多くの場合、衝突するのはほんの数行で、解決はそれほど難しくはありません。

しかし、中には互いの修正が入り乱れすぎてて解決が難しい衝突も発生します。この場合、慣れている開発者でもうまく解決できずに、予想外のバグを引き起こすこともあります。このような経験がある方も多いのではないでしょうか?

このようなやっかいな衝突の解決の頼みの綱は自動テストですが、そのテストすら衝突しまくってしまい、役に立たないこともあります。

やっかいな衝突を確実に解決する方法はありません。やっかいな衝突が起きにくいように開発を進めるべきです。

メインブランチとの剥離を減らす

次の図は Git の機能ブランチの説明でよく見かけます。

この図は現実にあまり合っていません。実際には次の図のようにメインブランチも機能ブランチもコミットされるたびに剥離が大きくなります。

この剥離が大きくなればなるほど衝突の解決が難しくなります。メインブランチからこまめにマージして、この剥離を抑えます。

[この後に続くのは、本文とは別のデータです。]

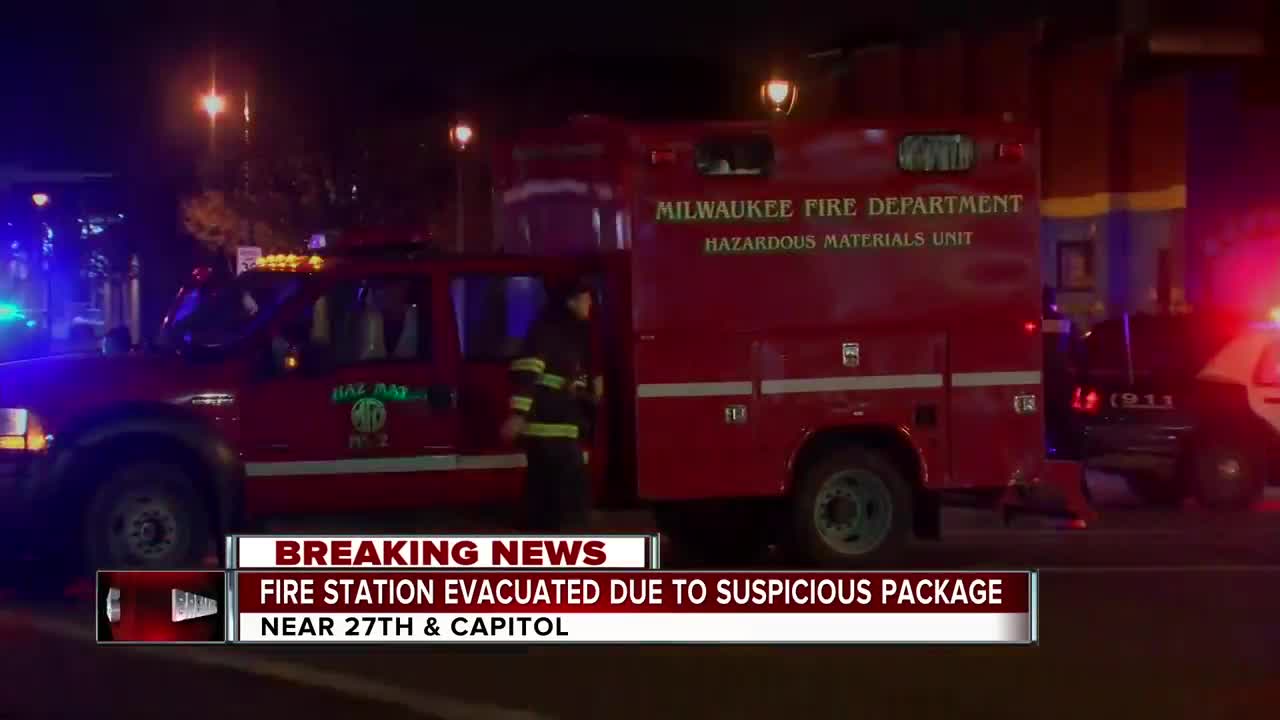 Milwaukee Fire Department station evacuated due to suspicious package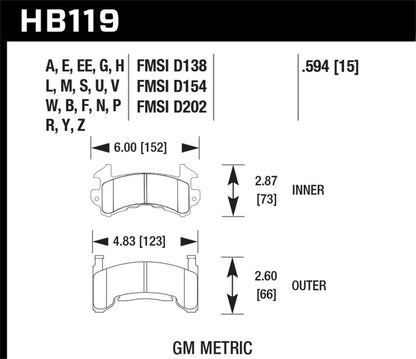 Hawk Performance Hawk Buick / Cadillac / Chevrolet / GMC / Oldsmobile / Pontiac D-154 Caliper Black Race Brake Pads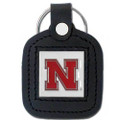 Nebraska Cornhuskers Square Leather Key Chain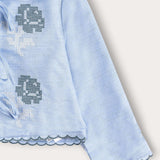 Shabbat shirt with globe embroidery - Blue Sky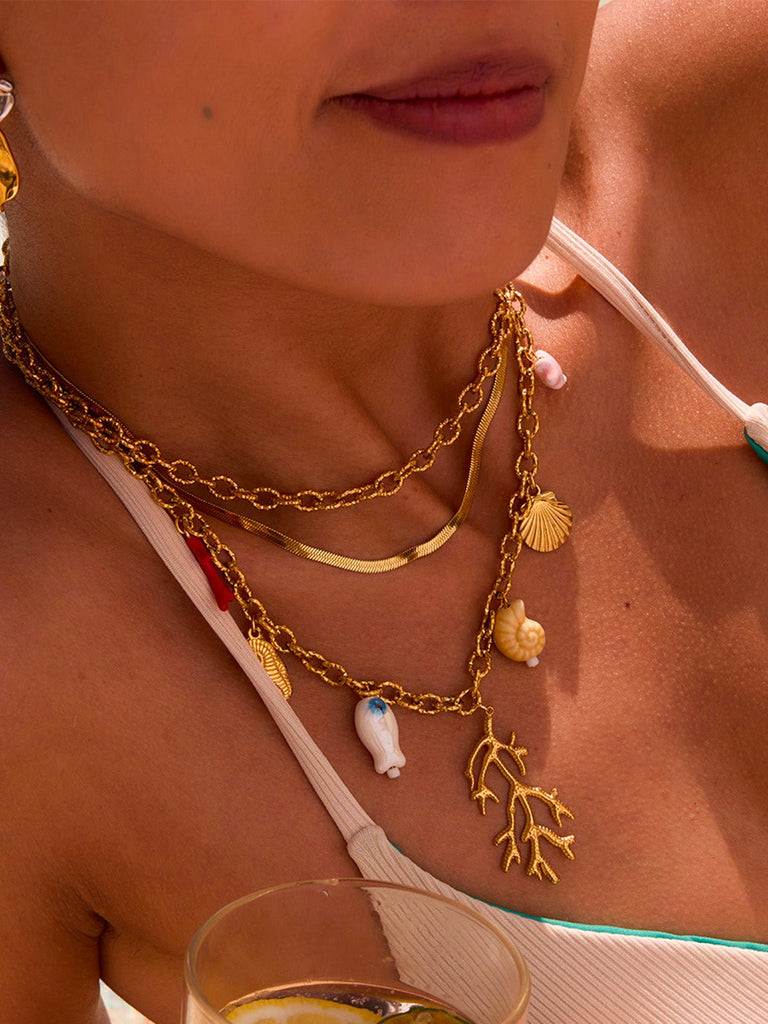 Collier coquillage, corail, doré, pendentifs marins, vacances, en acier inoxydable, plaqué or 18K, modèle Doumie - Collier - Or 45 +5 cm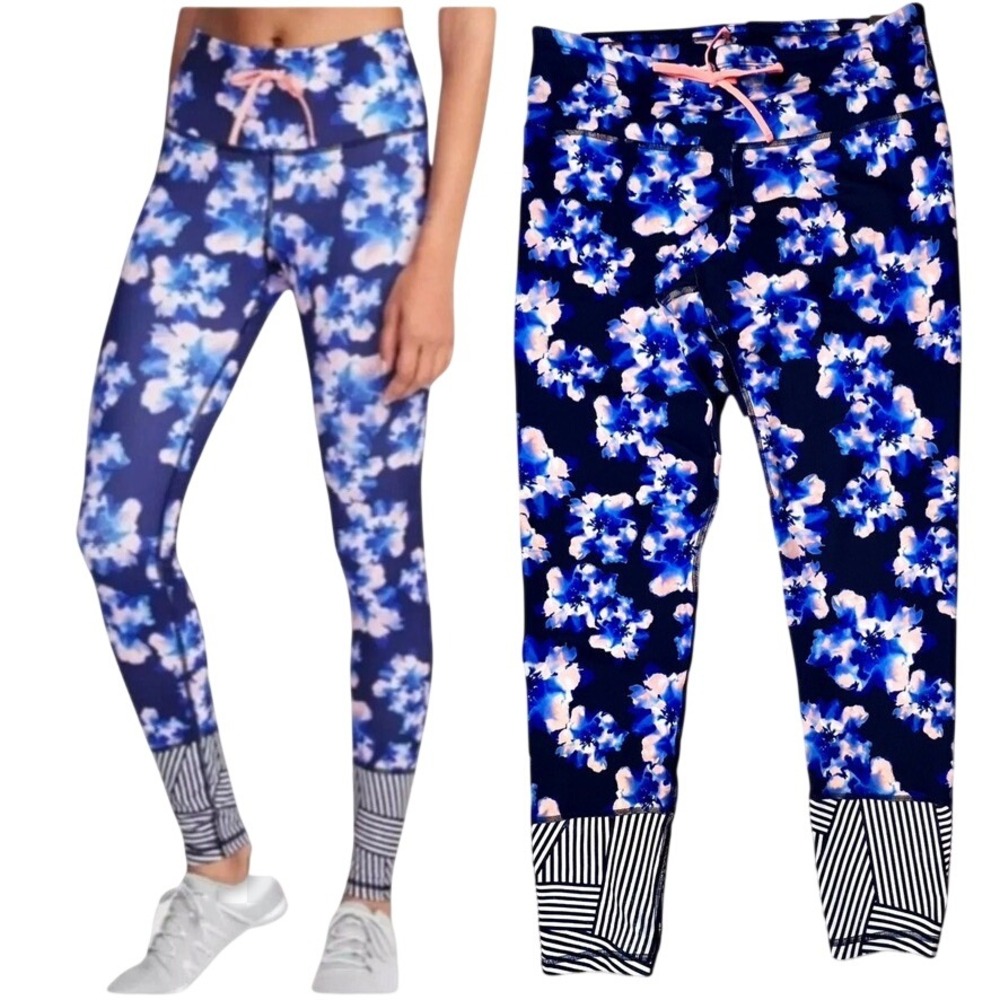 Old Navy Active High Waisted Blue Floral Go-Dry Legging XL Moisture Wicking NWT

この方法は一つ一つの衝突を小さくすることで解決の難易度を下げています。やっかいな衝突の確率を軽減できますが、根本的な解決ではありません。

衝突しにくいプログラム設計へ

「またこのファイルが衝突したか...」と思ったことはありませんか? これは修正は一部のファイルに集中することが多いからです。(興味がある方はコミットログからファイル単位の修正回数の分布を取ってみると面白いかもしれません)

この修正が集中しているファイルは、複数の開発者が同時に修正する確率が増えます。

この原因を解消すれば衝突しにくくなります。

衝突しやすい例

衝突しやすい例としてECサイトのショッピングカートがあります。

  • キャンペーン・クーポン・割引・おまけなどの要件がどんどん追加変更されます
  • 合計金額はもちろんの事、ポイントも計算する必要があります
  • カートの商品の価格が変わったら知らせるなどの、利便性のための新機能がどんどん追加されます

これらの大量の処理を一つのカート画面のソースコードファイルに書くとどうなるか... わかりますよね? 特にキャンペーンやクーポンのたぐいはどんどん仕様が追加変更されますので、衝突が頻発するようになります。

余談ですけど、ドメイン駆動設計の勉強会でショッピングカートを題材にしようとしたら何名かが本当に嫌そうにしていました。(多分、経験者でしょう)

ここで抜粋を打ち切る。